Target

In this lesson, we will switch our target to the game Wyrmsun, version 5.0.1. This is because Wesnoth, our target so far, does not support gameplay mechanisms (such as real-time control of building units) that would allow us to write a macro bot. Wyrmsun is free and similar to other traditional RTS games, such as StarCraft, WarCraft, or Command & Conquer.

Identify

A macro bot is a type of hack that will monitor our resources and automatically build worker units. In this lesson, we will create a macro bot that will automatically build a worker out of the currently selected structure when our money is over 3000.

Understand

To write a macro bot, we need to understand how RTS games handle unit creation. Typically, RTS games have a list of units associated with each player. When creating a unit, the game performs several operations and then adds the new unit to that list. The code may look something like:

recruit_unit(unit_type) {
  memory = initialize_memory(sizeof(unit))
  unit = create_unit(unit_type, memory)
  player->decrease_money()
  player->add_unit(unit)  
  player->increase_population_counter()      
}

To create units, we need to find this function and call it ourselves. To locate this function, we can use two different approaches, depending on how the game handles unit creation.

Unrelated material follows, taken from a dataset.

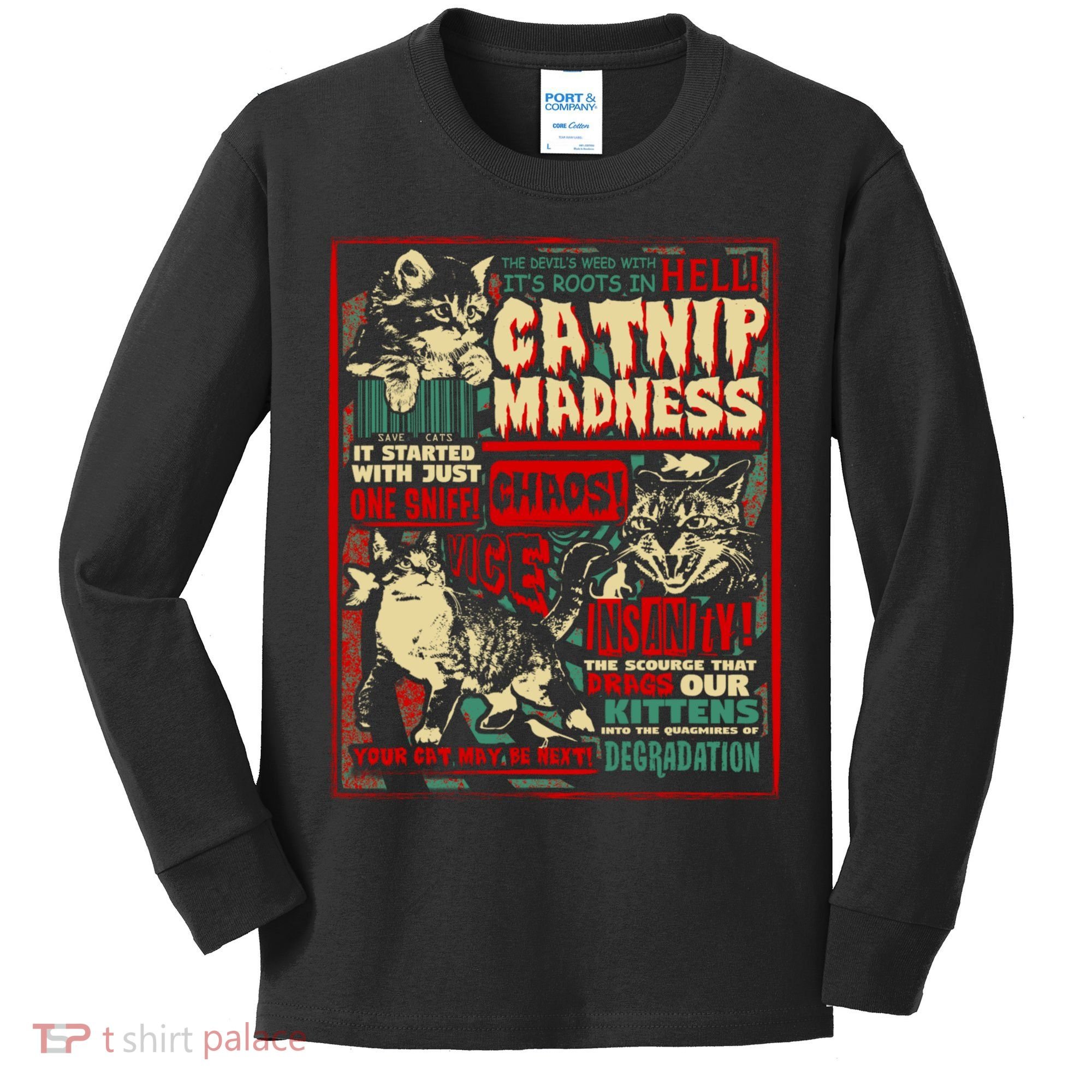 Catnip Madness Cute Kitten Cat Lover Gift For Cat Owners Kids Long Sleeve Shirt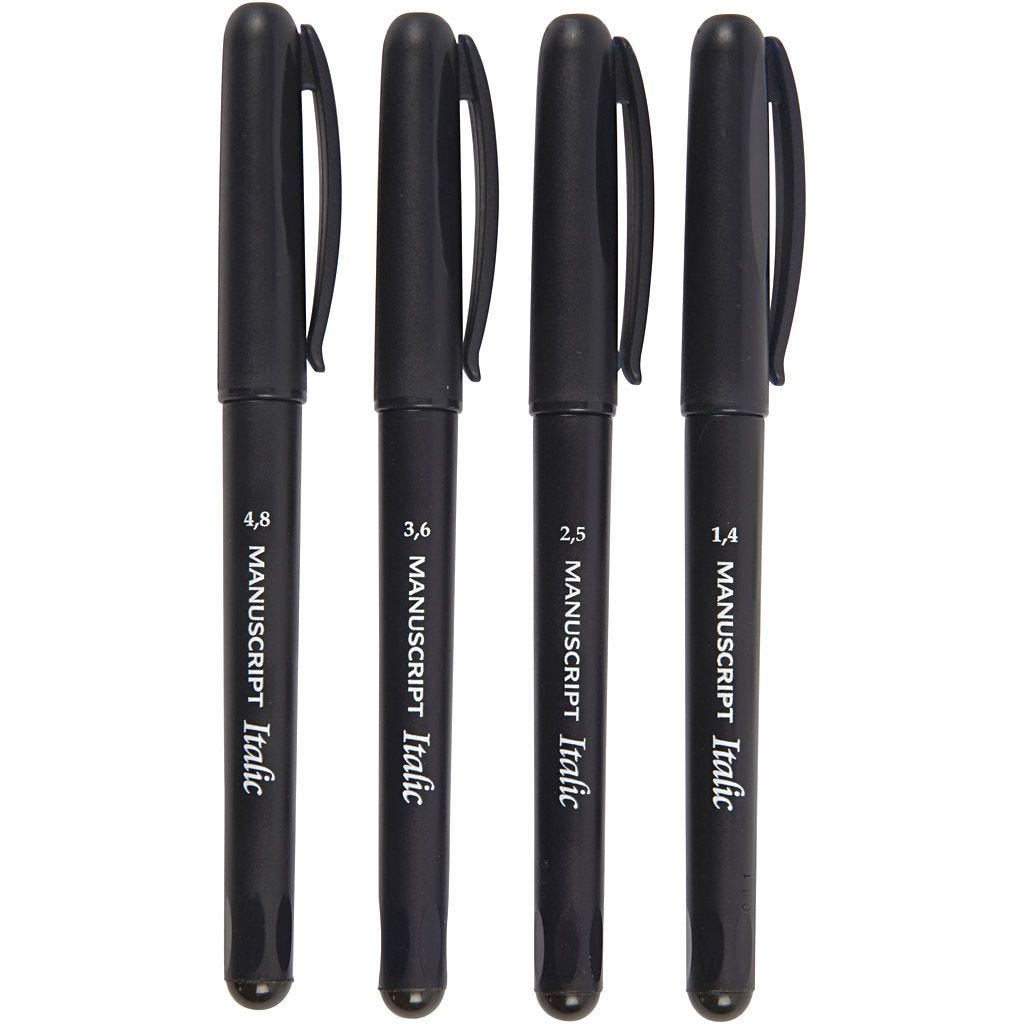Kalligrafie-Marker 4 Stifte schwarz 	1,4+2,5+3,6+4,8mm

  • If we create a unit and the game instantly decreases our money, we will locate our money and then set a breakpoint on write on our money value.
  • If we create a unit and the game instantly increases our population, we will locate our population and then set a breakpoint on write on our current population.

When these breakpoints trigger, we will be inside of the hypothetical decrease_money or increase_population_counter functions in our example code above. We will therefore need to go up several functions. We will do this by executing the function until it returns and then stepping out.

Wyrmsun (our target in this lesson) loads code dynamically. As a result, the addresses you see in this lesson will be different when following along. However, the instructions and methods described will not change. We will discuss how to deal with this behavior when we create our DLL.

Locating the Create Unit Function

In Wyrmsun, money is decreased instantly when recruiting a unit, so we will use the first approach mentioned in the previous section. To find our money address for this new target, we can use the method discussed in the Memory Hack lesson.

Next, attach x64dbg to the game. Make sure that no operations are taking place that will alter your money, and set a hardware breakpoint on write on the money address. Recruit a worker and the breakpoint should instantly pop. Using execute until return/step over, go up several levels of code until you see the following string:

Recruit unit function

From this string, we can see that we are in the right place, as this logic is clearly related to recruiting and placing units.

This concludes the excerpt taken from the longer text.